THE PROBLEM :: Nothing but the lines from the one with "Sicily Flag with" through the last line of the entries below should appear in the copy, please, and no pictures.

Image-text web data:

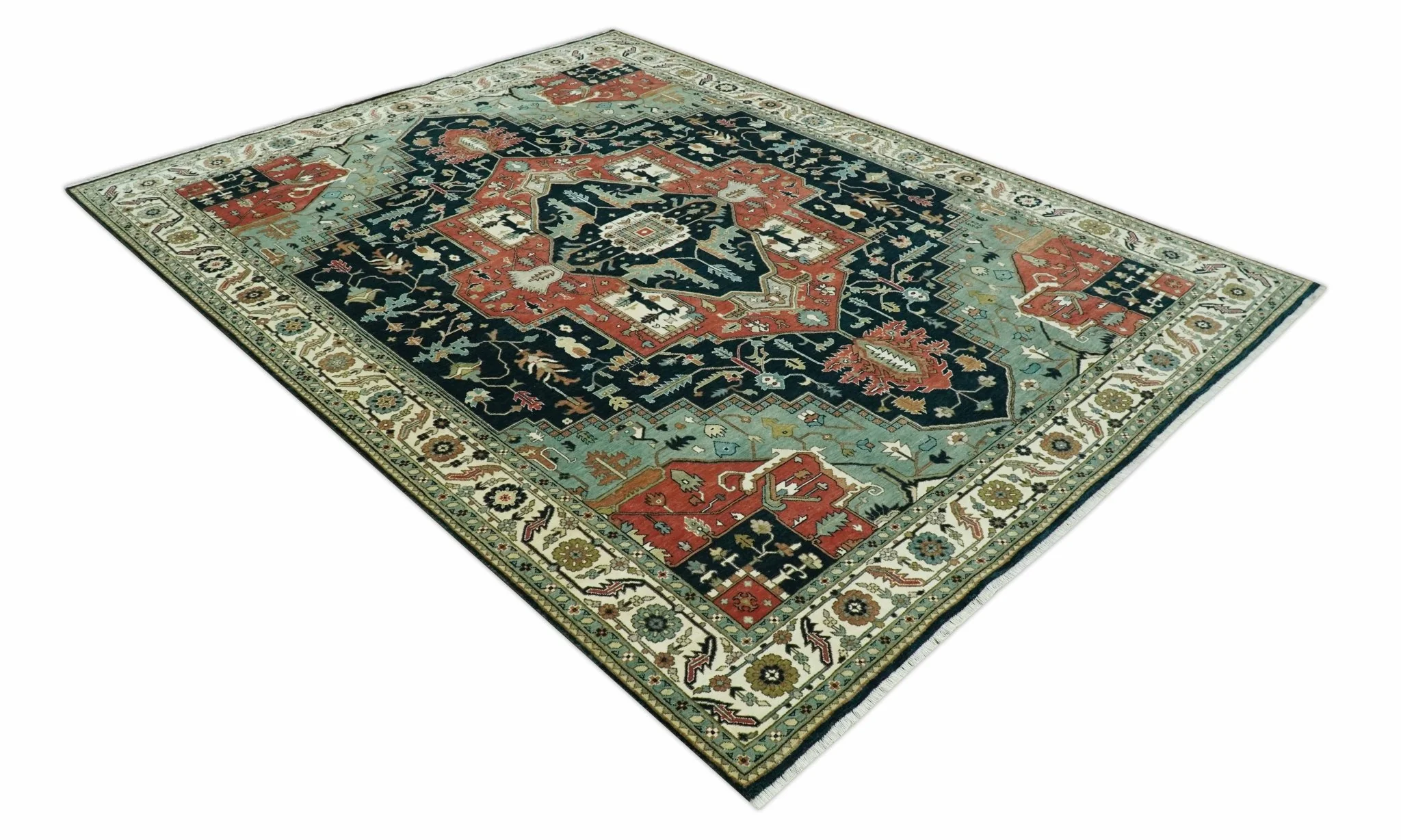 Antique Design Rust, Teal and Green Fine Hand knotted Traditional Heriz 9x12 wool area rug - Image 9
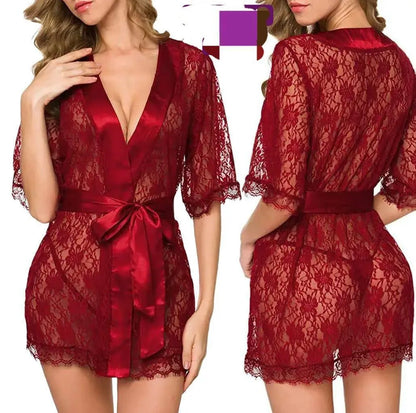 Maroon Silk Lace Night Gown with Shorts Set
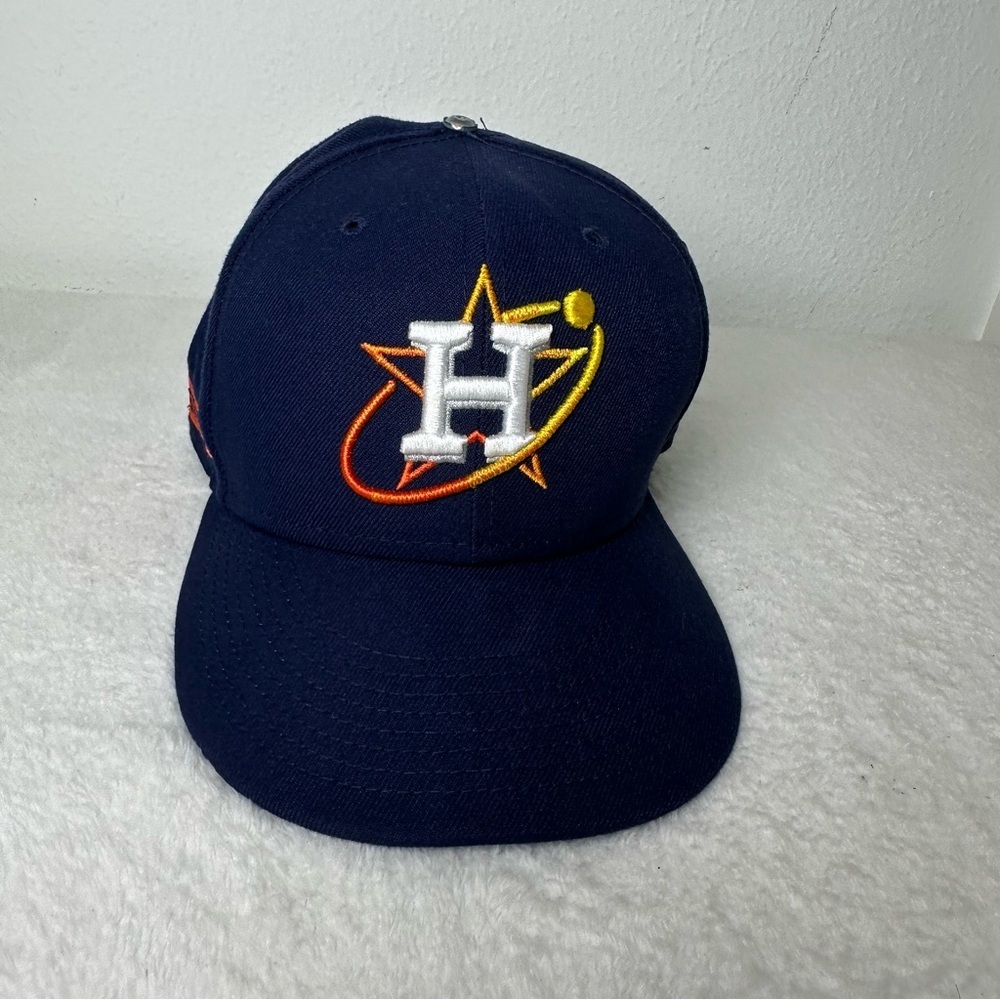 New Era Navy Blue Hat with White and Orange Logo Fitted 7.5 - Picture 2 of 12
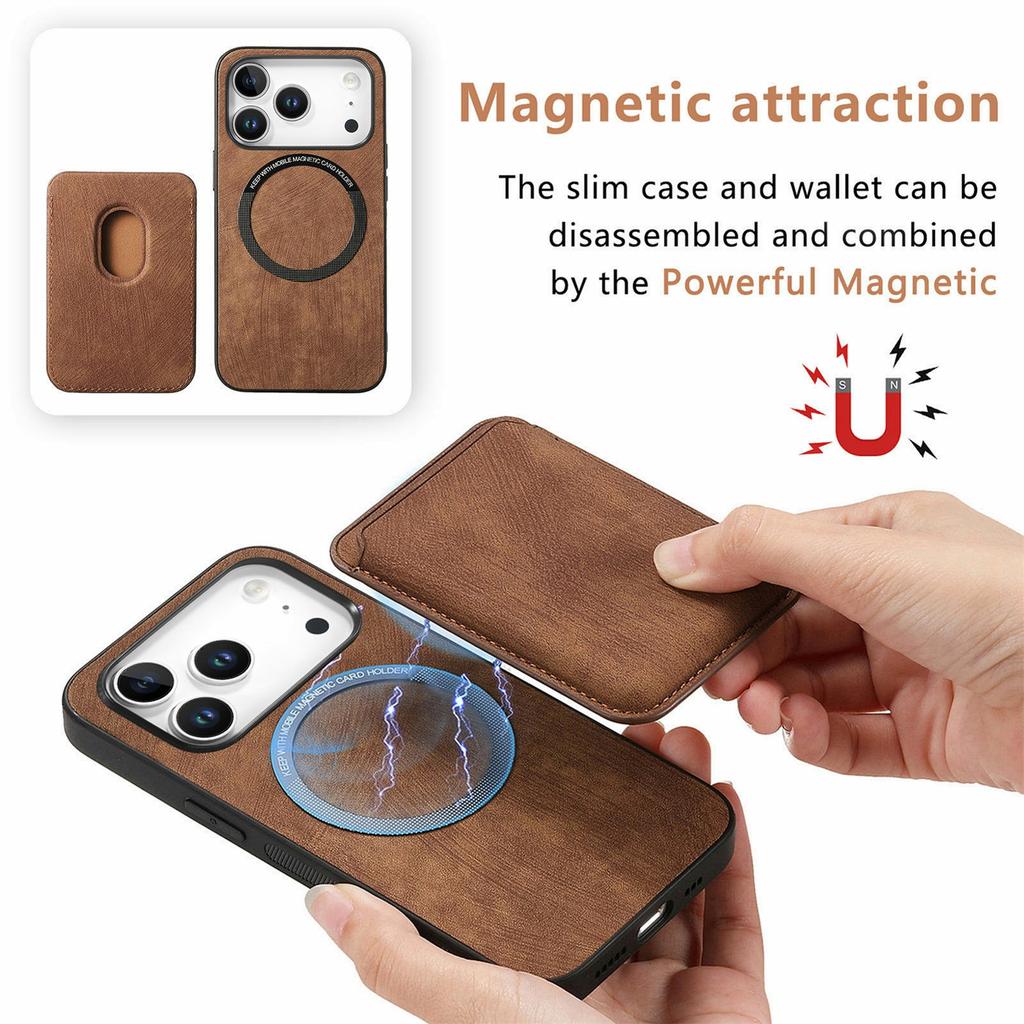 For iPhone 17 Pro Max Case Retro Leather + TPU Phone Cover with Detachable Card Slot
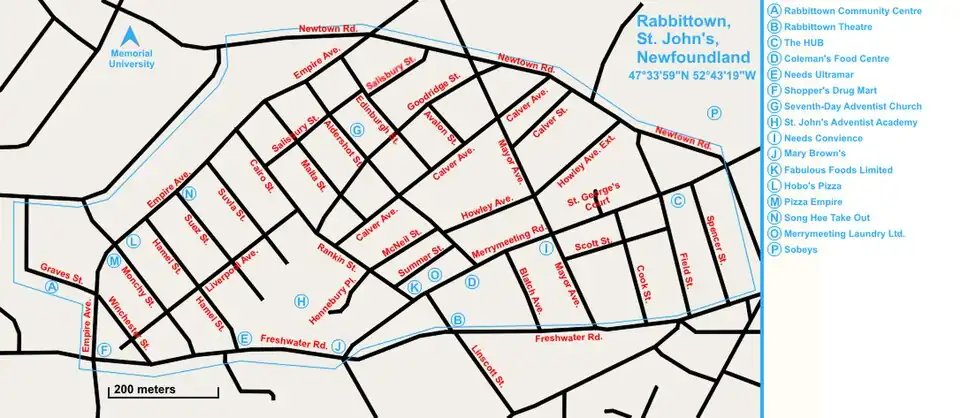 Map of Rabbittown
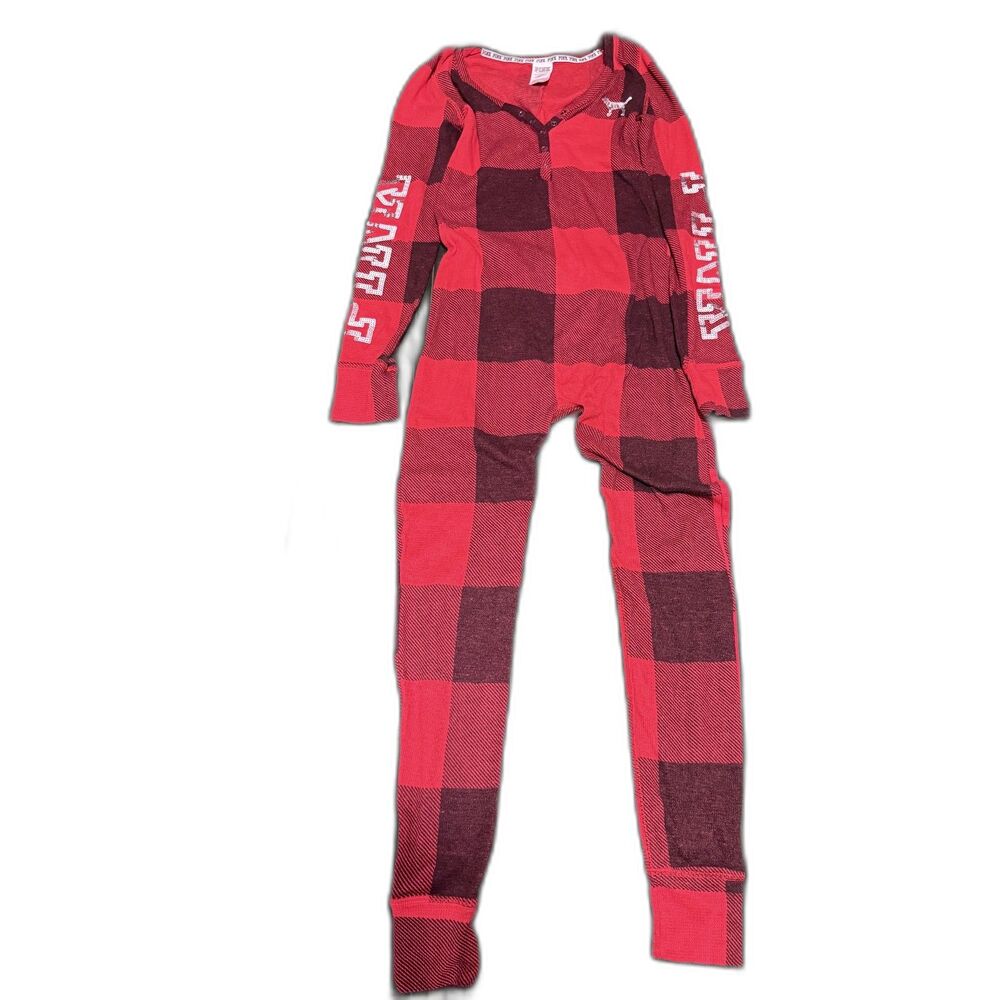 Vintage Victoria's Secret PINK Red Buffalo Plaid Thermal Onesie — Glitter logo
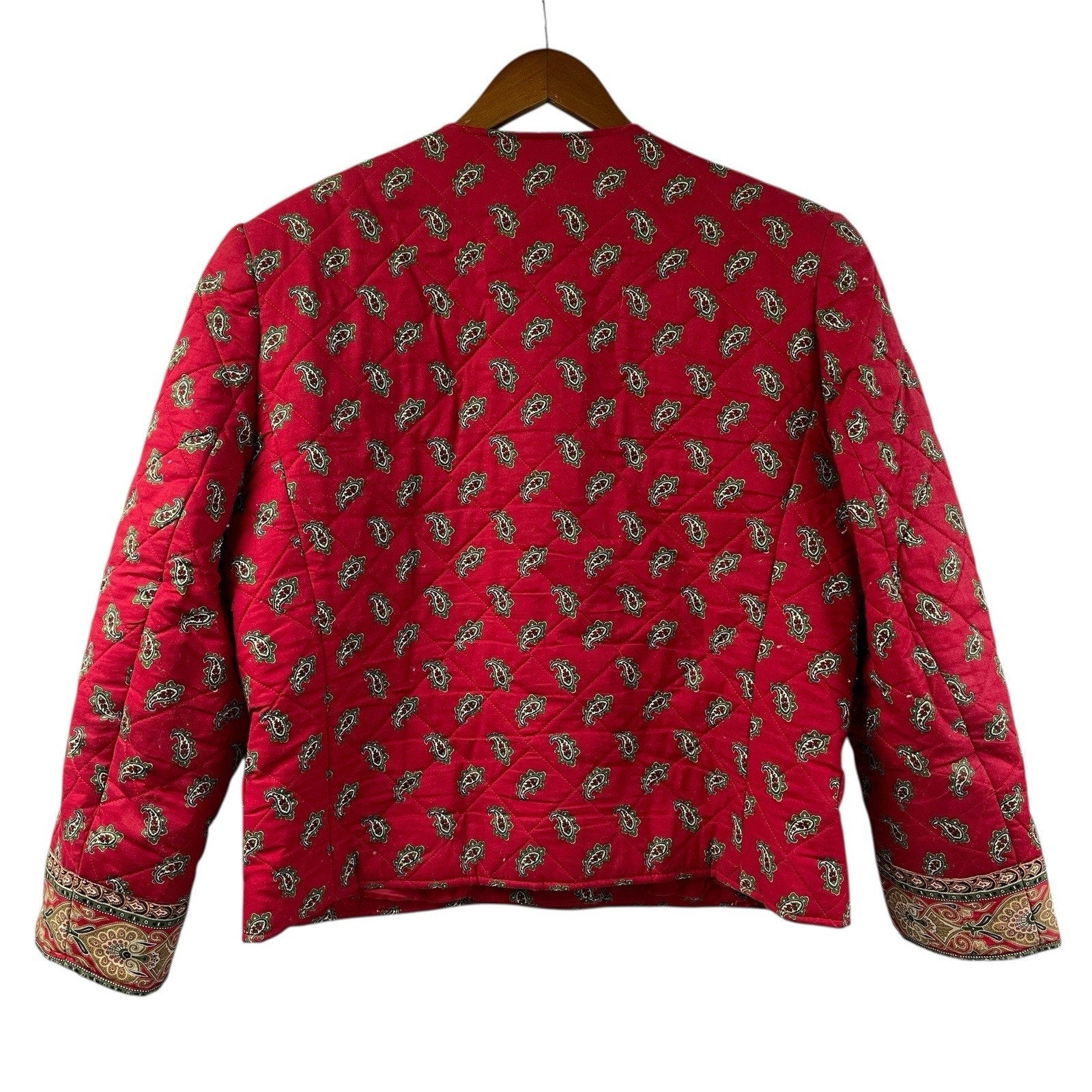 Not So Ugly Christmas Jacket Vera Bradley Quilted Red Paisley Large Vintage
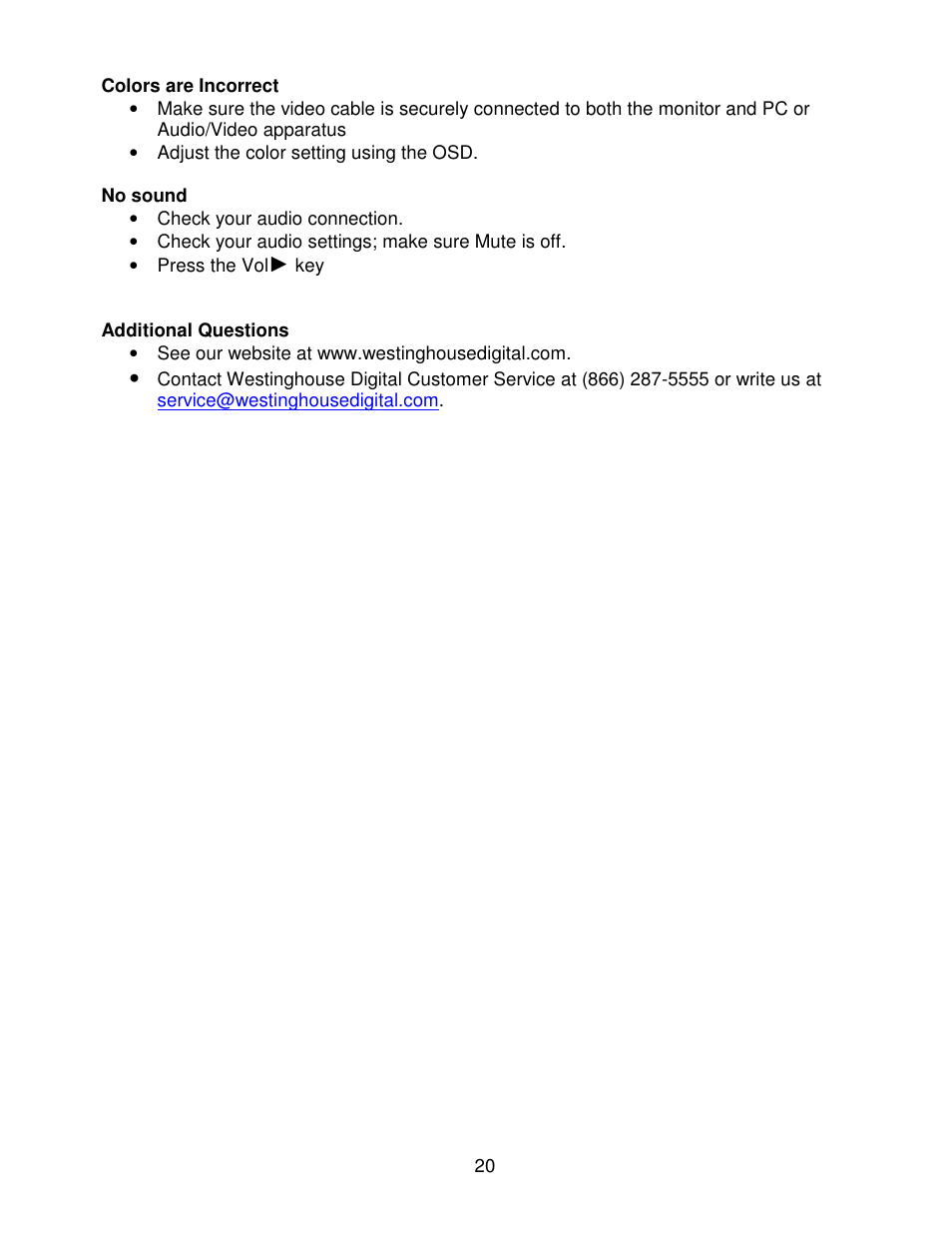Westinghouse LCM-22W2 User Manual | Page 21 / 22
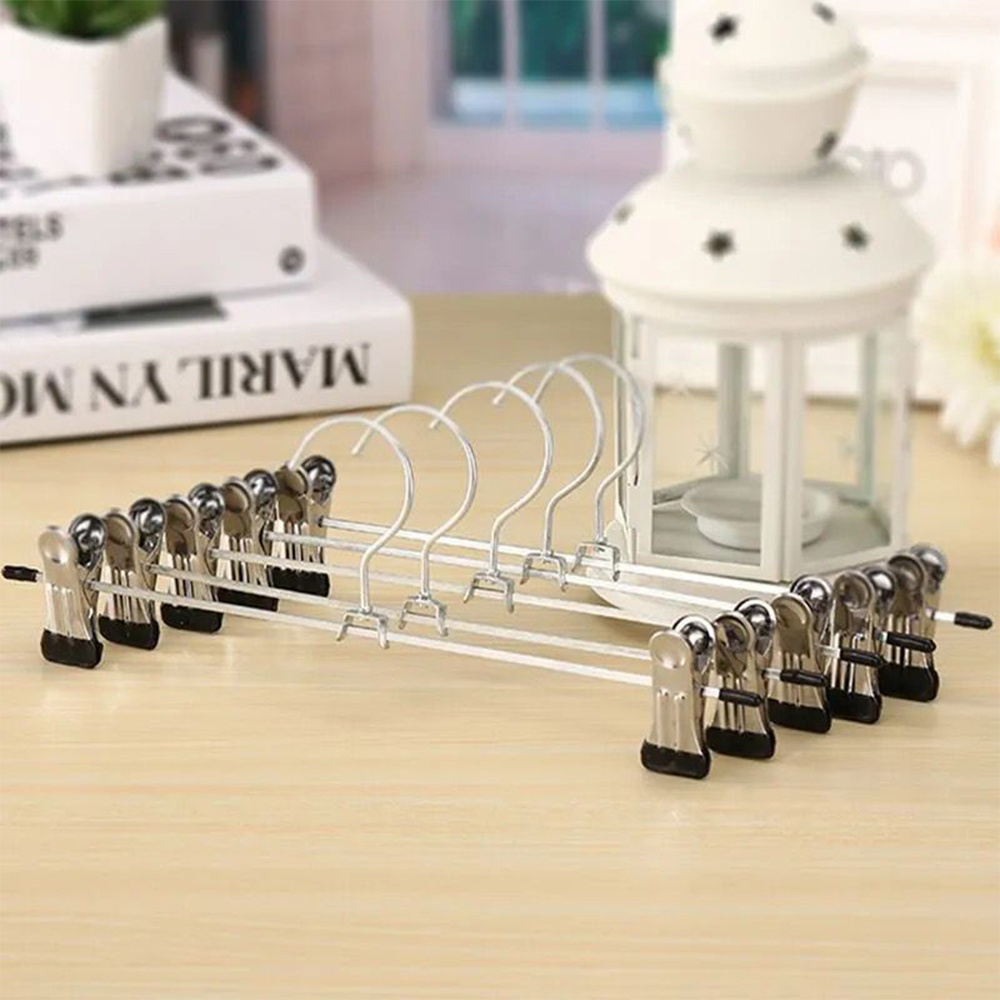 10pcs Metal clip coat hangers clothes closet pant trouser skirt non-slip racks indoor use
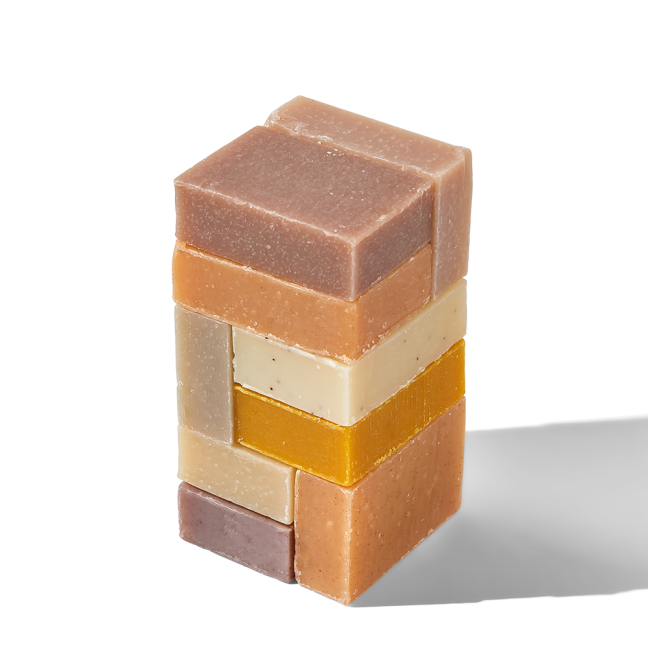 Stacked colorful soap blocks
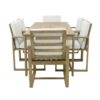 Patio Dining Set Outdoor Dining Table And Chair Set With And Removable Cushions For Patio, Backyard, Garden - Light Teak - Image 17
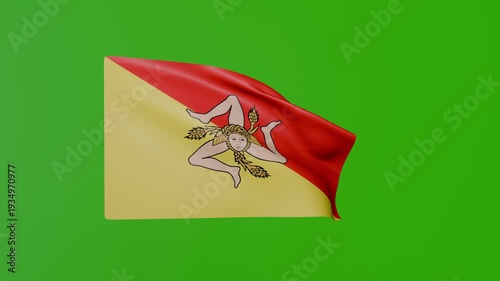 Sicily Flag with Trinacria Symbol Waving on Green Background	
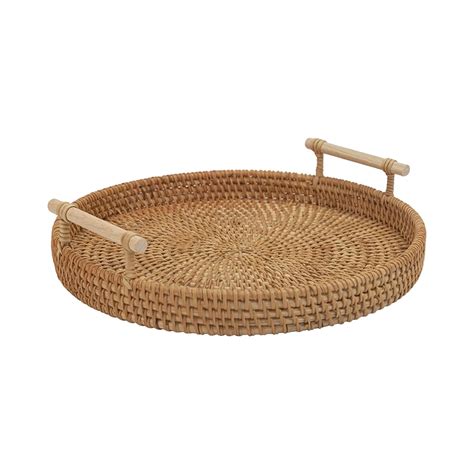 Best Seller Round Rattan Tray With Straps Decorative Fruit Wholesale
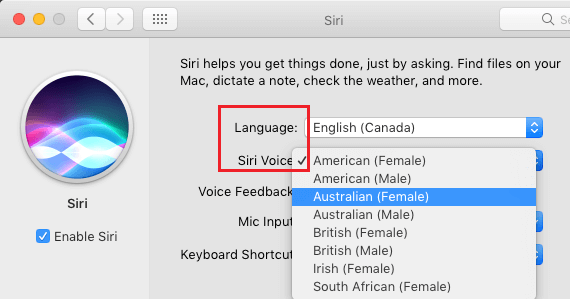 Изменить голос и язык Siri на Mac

EXPECTED ANSWER ::
 Sicily Flag with Trinacria Symbol Waving on Green Background	
 Best Seller Round Rattan Tray With Straps Decorative Fruit Wholesale
 Изменить голос и язык Siri на Mac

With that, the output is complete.